Kepada ABC, koordinator
aktivis Izzy Brown menjelaskan, rombongan perahu layar itu menerobos
wilayah Indonesia Kamis (12/9/2013) malam setelah menempuh pelayaran
5000 km dari Australia.
Upcara simbolis itu berlangsung di perairan selatan Papua, namun lokasi pastinya dirahasiakan demi pertimbangan keamanan.
Pemimpin Aborijin Kevin
Buzzacott bertindak mewakili rombongan dan menyerahkan air yang diambil
dari Danau Eyre serta abu yang diambil dari sejumlah perkemahan
aborijin. Air dan abu itu kemudian diterima para pemimpin adat Papua
sebagai upacara simbolis mempertemukan kembali dua komunitas aborijin.

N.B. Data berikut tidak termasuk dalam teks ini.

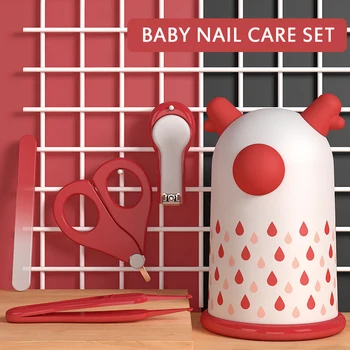 

4pcs/set Cute Baby Nail Scissors Set Infant Baby Safety Scissors Newborn Special Anti-pinch Nail Clippers For Children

"Upacaranya sangat mengharukan," kata Izzy Brown. "Bagi Uncle Kevin, ini sangat mengharukan, dan begitu juga bagi orang Papua."
Menurut Izzy, hal ini
sudah lama direncanakan, dan apa yang mereka lakukan ini dinilainya
sebagai sejarah tersendiri. "Fakta bahwa kami bisa bertemu para pemimpin
Papua sangat mengesankan," katanya.
Kelompok Freedom Flotilla terdiri atas 30 aktivis Australia dan Papua, pembuatan film, dan pemimpin aborijin.
Rencana kelompok ini
selanjutnya belum jelas. Namun mereka berharap bisa berlabuh di Merauke
sebelum apa yang mereka sebut upacara penyambutan yang direncanakan
Sabtu (14/9/2013) besok.
Menurut Izzy, pihak
berwenang Indonesia tidak bersedia berkomunikasi dengan mereka. "Kami
sudah berusaha mengontak pihak militer Indonesia," katanya, "Setidaknya
tiga kali kami menelepon seorang kapten di Merauke dan menelepon
jurubicara Angkatan Laut Indonesia".
Namun, kata Izzy, kedua
pejabat itu tidak menjawab dan tiga kali pula menutup telepon. "Kami
juga menggunakan komunikasi radio, namun sama saja, mereka tidak
menjawab," jelasnya.
"Sikap mereka ini menggambarkan bagaimana mereka memperlakukan rakyat Papua sehari-hari," kata Izzy Brown lagi.